Cette accusation est pourtant ce qui perdit le Temple. Ce ne fut pas seulement l’infamie des mœurs ; elle n’était pas générale[2]. Ce ne fut pas l’hérésie, les doctrines gnostiques ; vraisemblablement les chevaliers s’occupaient peu de dogme. La vraie cause de leur ruine, celle qui mit tout le peuple contre eux, qui ne leur laissa pas un défenseur parmi tant de familles nobles auxquelles ils appartenaient, ce fut cette monstrueuse accusation d’avoir renié et craché sur la croix. Cette accusation est justement celle qui fut avouée du plus grand nombre. La simple énonciation du fait éloignait d’eux tout le monde ; chacun se signait et ne voulait plus rien entendre.

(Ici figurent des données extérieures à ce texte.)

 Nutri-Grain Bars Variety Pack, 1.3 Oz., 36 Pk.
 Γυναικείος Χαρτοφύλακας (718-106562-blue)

  1. Un des témoins dépose que, comme il se refusait à renier Dieu et à cracher sur la croix, Raynaud de Brignolles, qui le recevait, lui dit en riant : « Sois tranquille, ce n’est qu’une farce : Non cures, quia non est nisi quædam trufa. » (Rayn.) Le précepteur d’Aquitaine, dans son importante déposition, que nous transcrirons en partie, nous a conservé, avec le récit d’une cérémonie de ce genre, une tradition sur son origine. App. 99.
  2. Pourtant mes études pour le deuxième volume du procès m’ont livré des actes accablants. C’étaient les mœurs de l’Église, prêtres et moines. Voy. le cartulaire de Saint-Bertin pour le onzième et le douzième siècle, Eudes Rigaud pour le treizième. (1860.)